◆ **Exercise prompt**: Each line below must be set down exactly; omit any image you find.

◆ **Dataset content**:
>>>

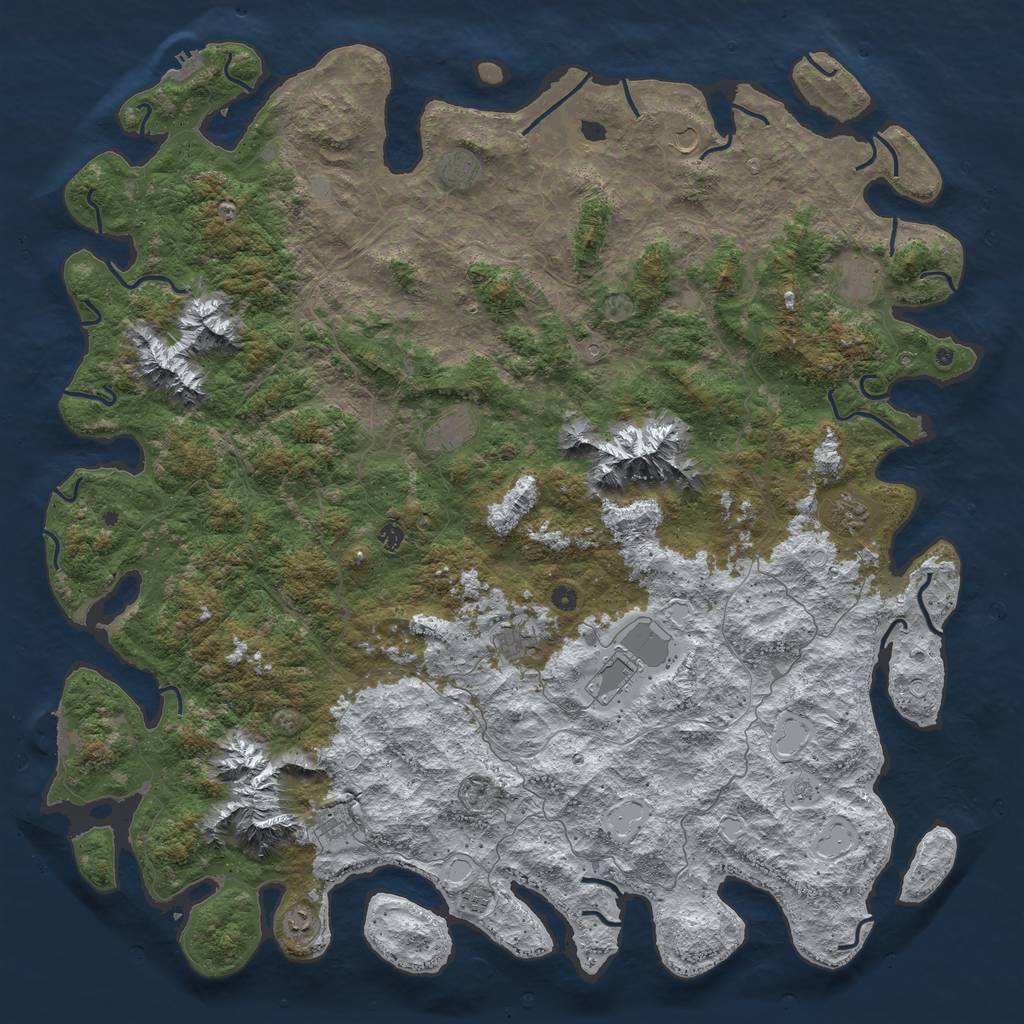Rust Map: Procedural Map, Size: 6000, Seed: 47544158, 20 Monuments
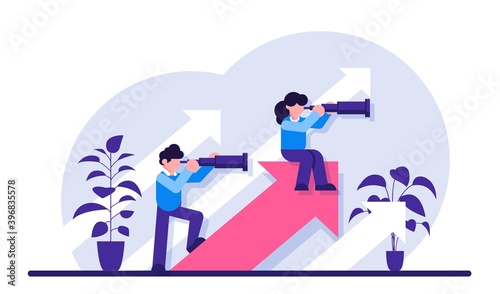 Business opportunities as vision, chances. Visionary entrepreneur anticipating new trends. Professional ambitions, company development plans, searching innovation. Modern flat illustration.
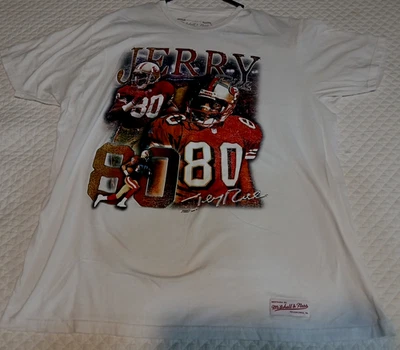 Camiseta gráfica Jerry Rice Mitchell & Ness 49ers NFL tamanho XL branca #80 GOAT Clean - Imagem 1 de 4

<<<

◆ **Answer space**:
Rust Map: Procedural Map, Size: 6000, Seed: 47544158, 20 Monuments
 Business opportunities as vision, chances. Visionary entrepreneur anticipating new trends. Professional ambitions, company development plans, searching innovation. Modern flat illustration.
 Camiseta gráfica Jerry Rice Mitchell & Ness 49ers NFL tamanho XL branca #80 GOAT Clean - Imagem 1 de 4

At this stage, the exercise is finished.